Dependencies, networks, relationships, perspectives, are words often used to describe certain aspects of our business environment. From an industry perspective, those words appear to be more prevalent lately, as we try to find better ways to visualize and manage the growing complexity of our business environment.
The life cycle of products in some cases can span many decades from needs definition, product concept, product design, production, testing, release or deployment, in-market support/maintenance, upgrades to new versions and disposal at the end of life.
Delivering programs that cover such long life cycles without unexpected rework, substantial cost and time overruns and at a profit to the company appears today more a dream than a reality. Product delivery to the market can be late by years with associated large cost overruns and delayed profit realization.
There is now a mature category of methods, tools & consultants, that we refer to as Dependency Structure Matrices (DSM), that have demonstrated over the past 5 decades, the ability to more easily identify, analyze, and manage those dependencies that are inherent in our complex business and matter in system integration management. Using well understood matrix analysis techniques, the DSM can complement our existing methods and tools, to give us that additional ‘situational awareness’ we need.

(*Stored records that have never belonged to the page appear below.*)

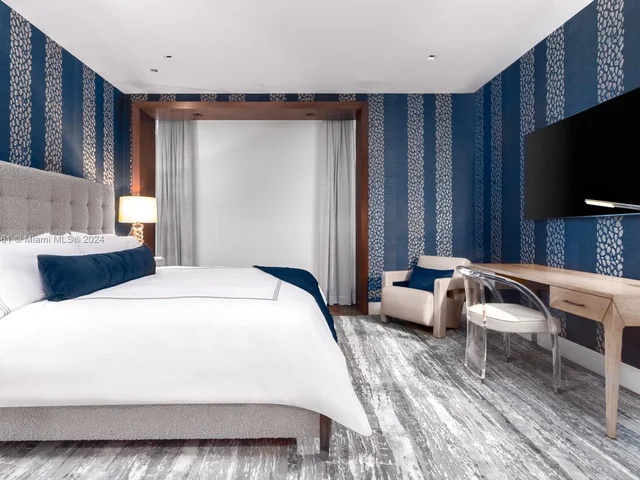 1425 Brickell Ave, Miami FL 33131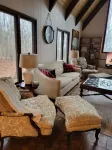 Secluded 2 Bedroom Retreat w/great family room on Sewanee Campus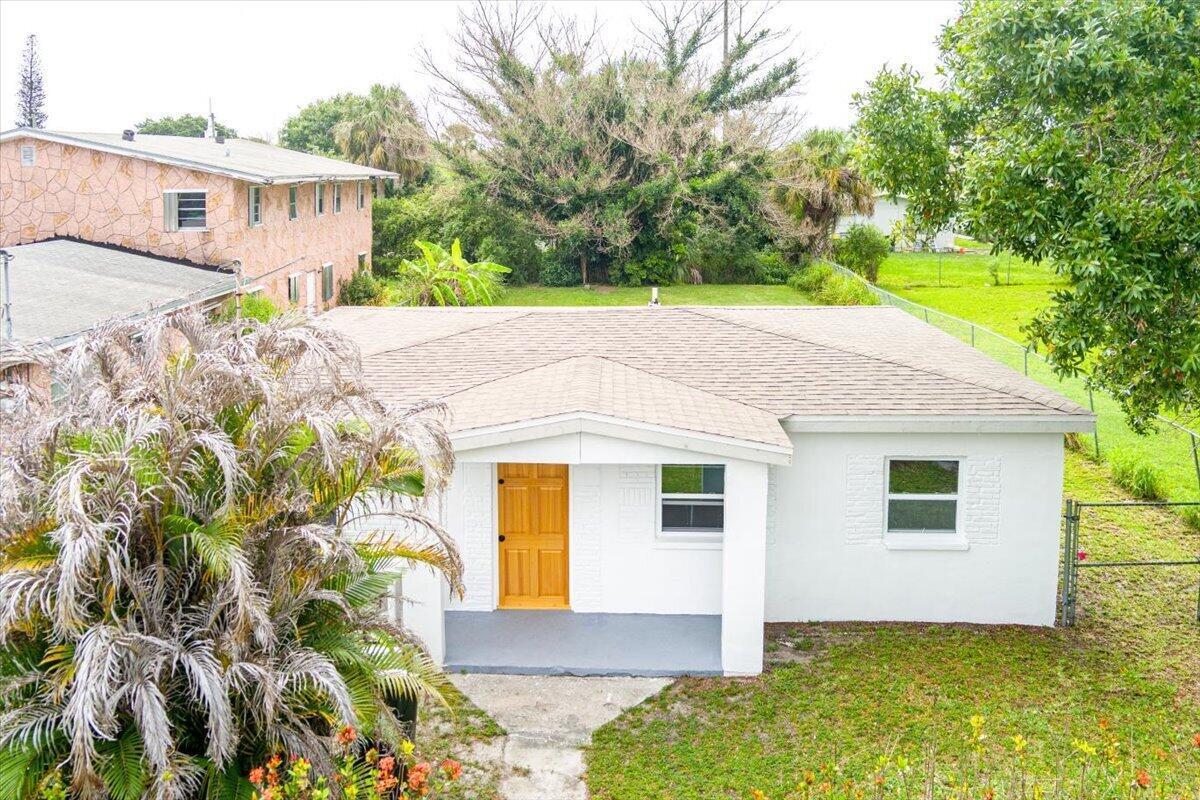 1110 N 22nd Street, Fort Pierce FL 34950 photo 2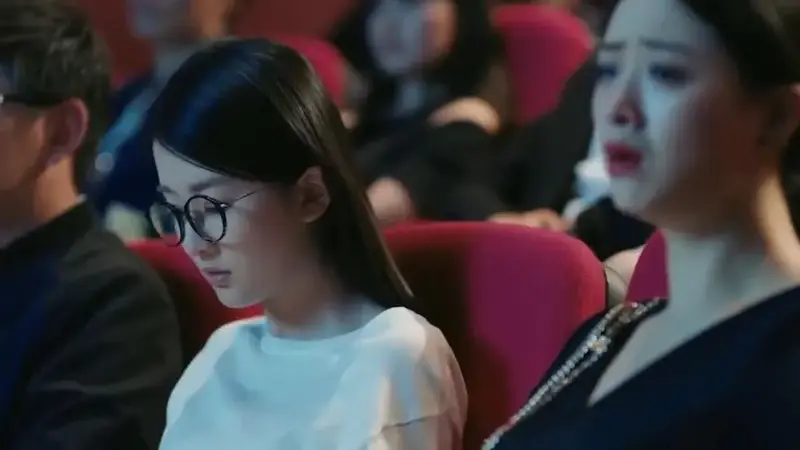 欢乐颂:樊胜美音乐会听得痛哭,哪料被赵医生抓拍,曲筱绡笑抽筋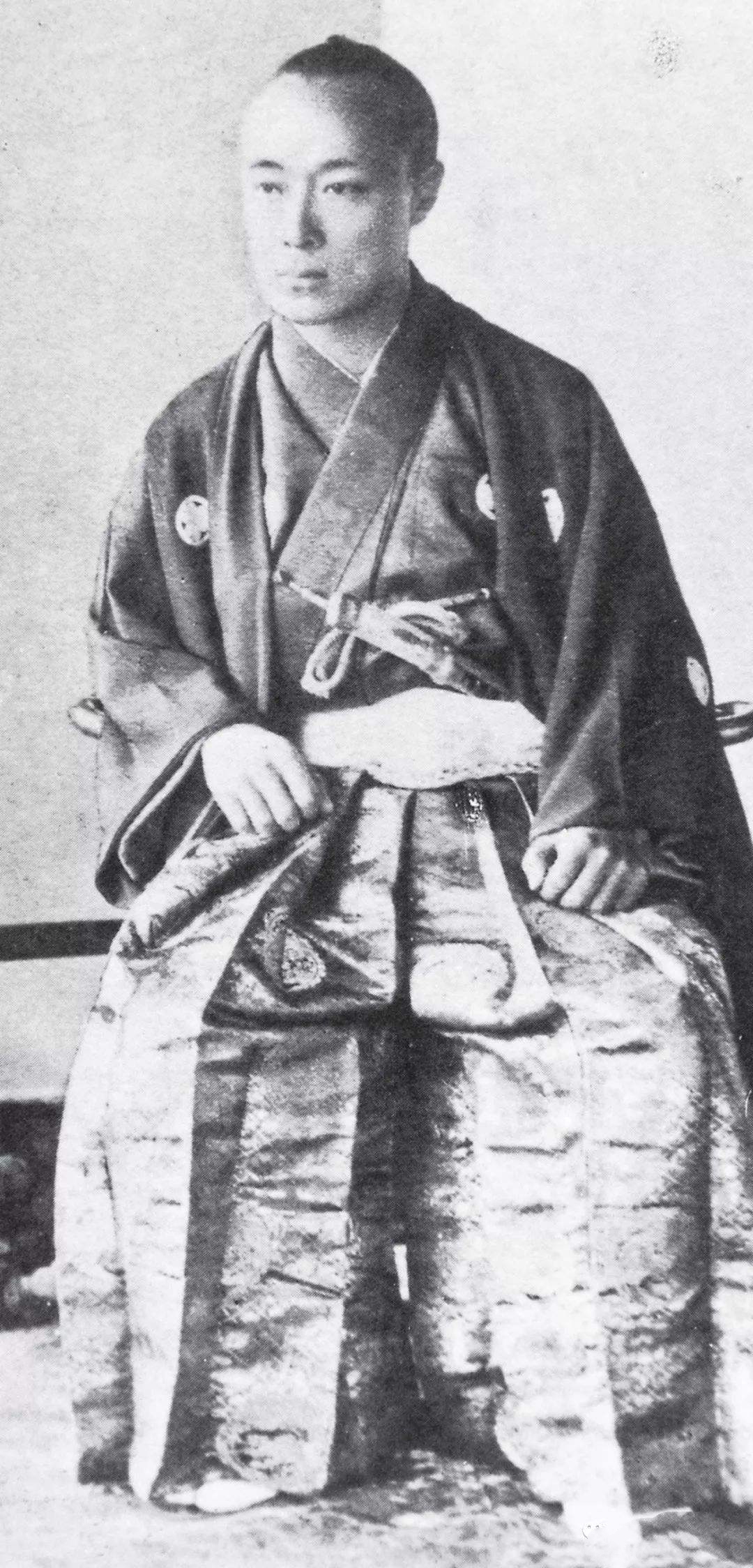 日本人都是怎样取名字的,日本人取名字4个字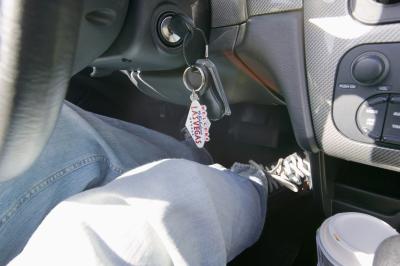How to Program Keyless Entry for a 1998 Ford Contour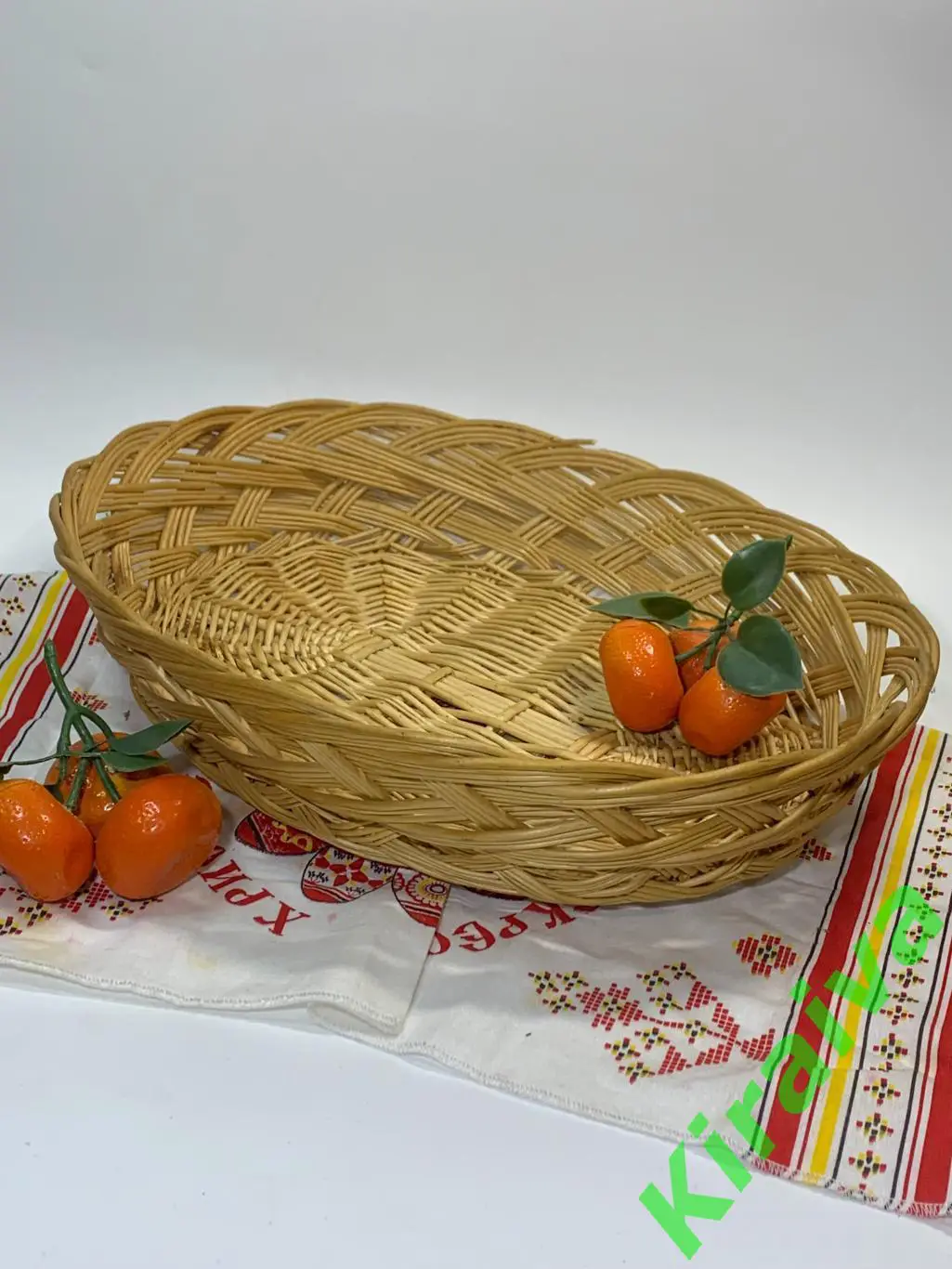 Плетеная хлебница овальная из лозы 35х29 см Н1848 б/уПлетеная хлебница из лозы
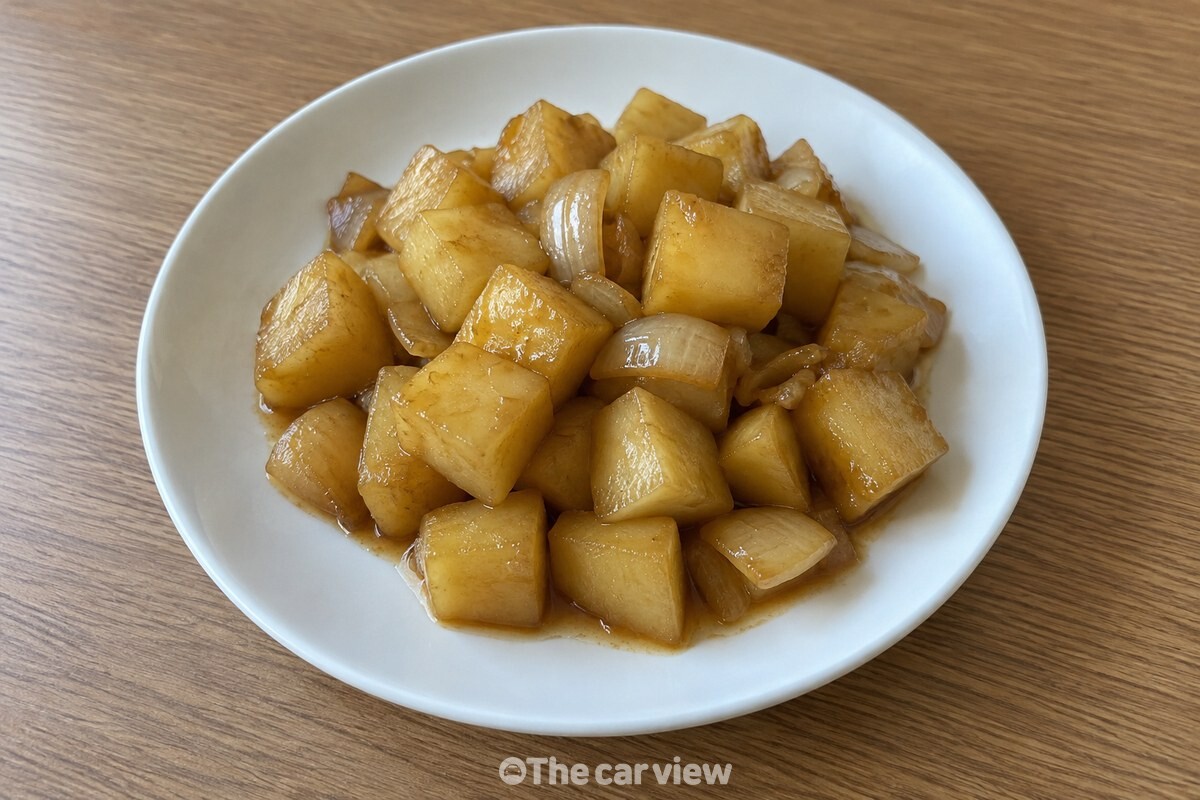 간장 양념에 조려 모서리가 살아 있는 감자조림을 반찬 접시에 담은 모습. / 기사 이해를 돕기 위한 생성형 이미지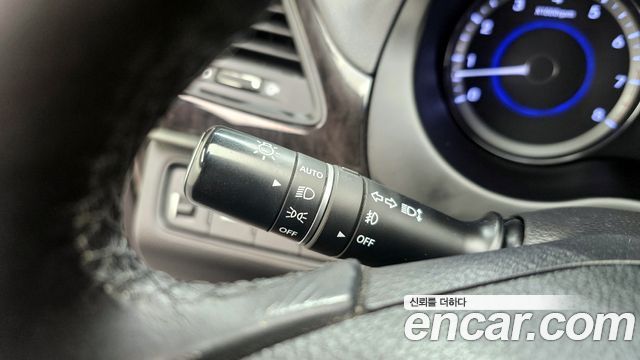Hyundai Grandeur 2014 — photo 18
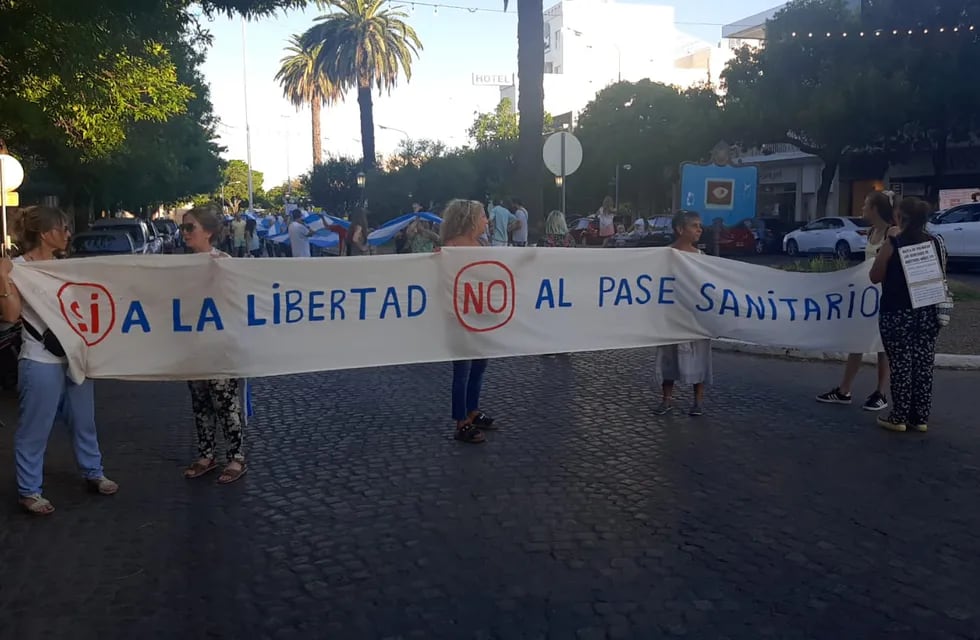 Manifestación antivacuna en Rafaela - Gentileza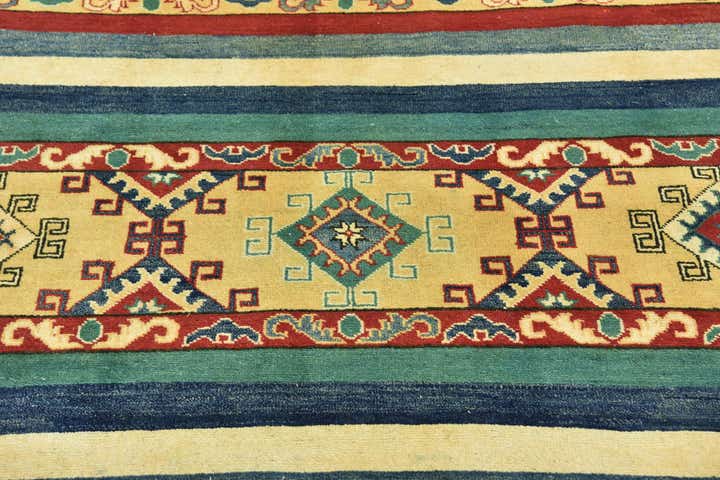 6' 8 x 9' 9 Hand Knotted Kazak Rug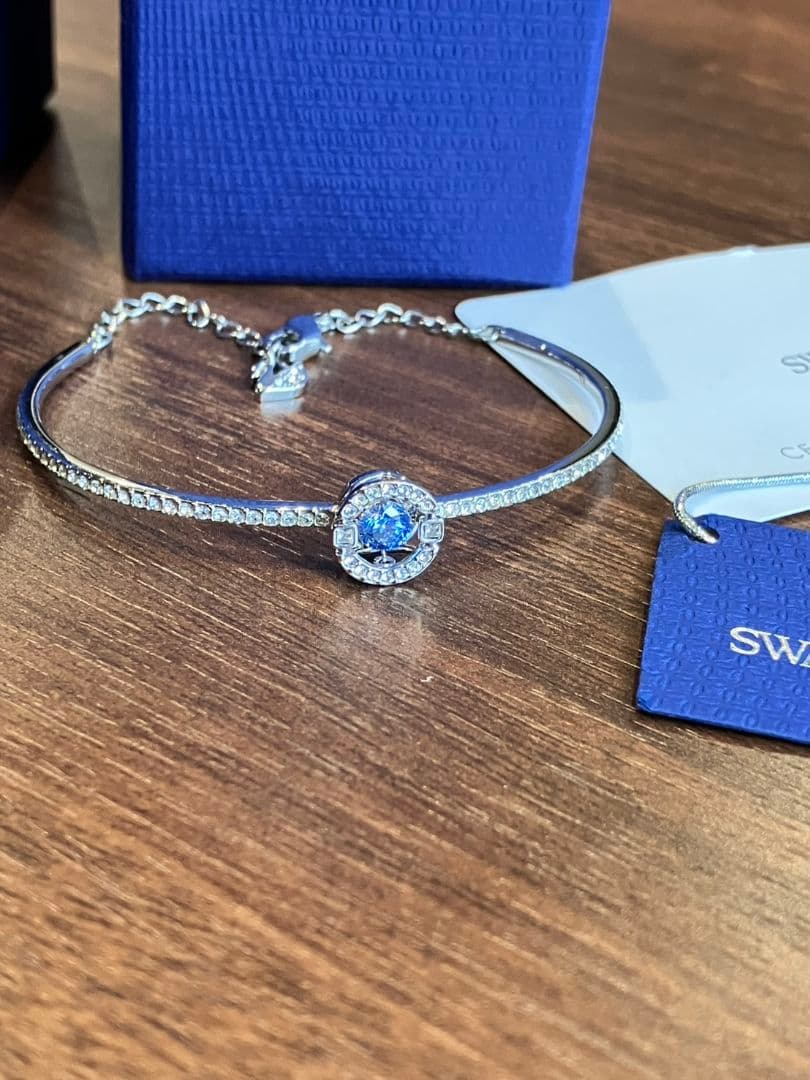 ★SWAROVSKI　スワロフスキー　バングル　ブルースワロ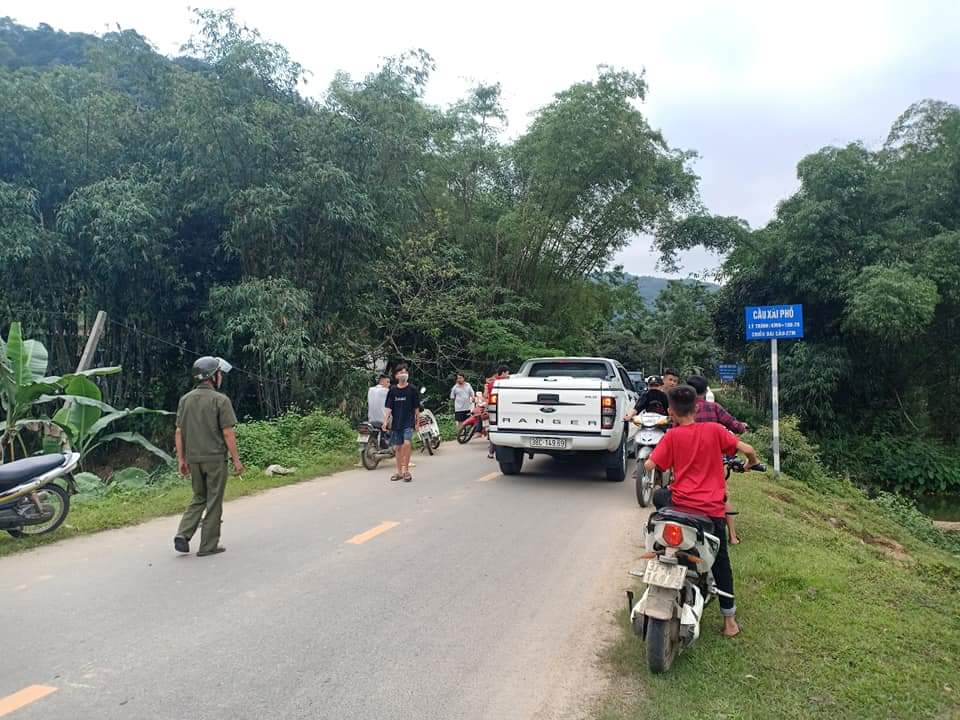 Dân sinh - Hà Tĩnh: Nữ sinh lớp 10 rơi xuống thác tử vong (Hình 2).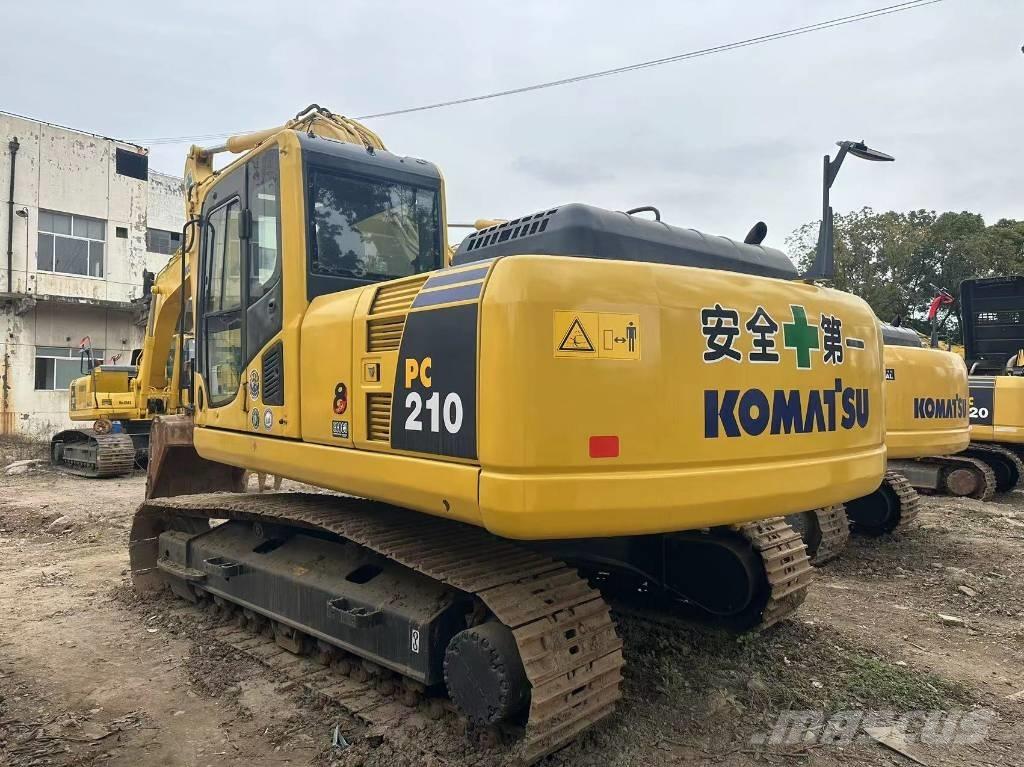 Komatsu PC 210 LC Lánctalpas kotrók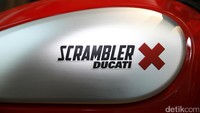 Scrambler Ducati Desert Sled disebut terinspirasi dari daerah gurun pasir dan pegunungan California, Amerika Serikat dimana sejarah sedepa motor di AS bangkit pada tahun 60 dan 70-an.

Current un-awareness of the possibilities opening up through a higher focus on systems integration management perpetuates the current thinking of ‘this is the way life is’, similar to the thinking in manufacturing 50 years ago when defect rates were measured in fractions of a percent. This is now unthinkable and defect rates of ppm are the norm. We believe that in the future we will be able to reduce the ‘defect rate’ in managing product development and systems intergration to acceptable levels also.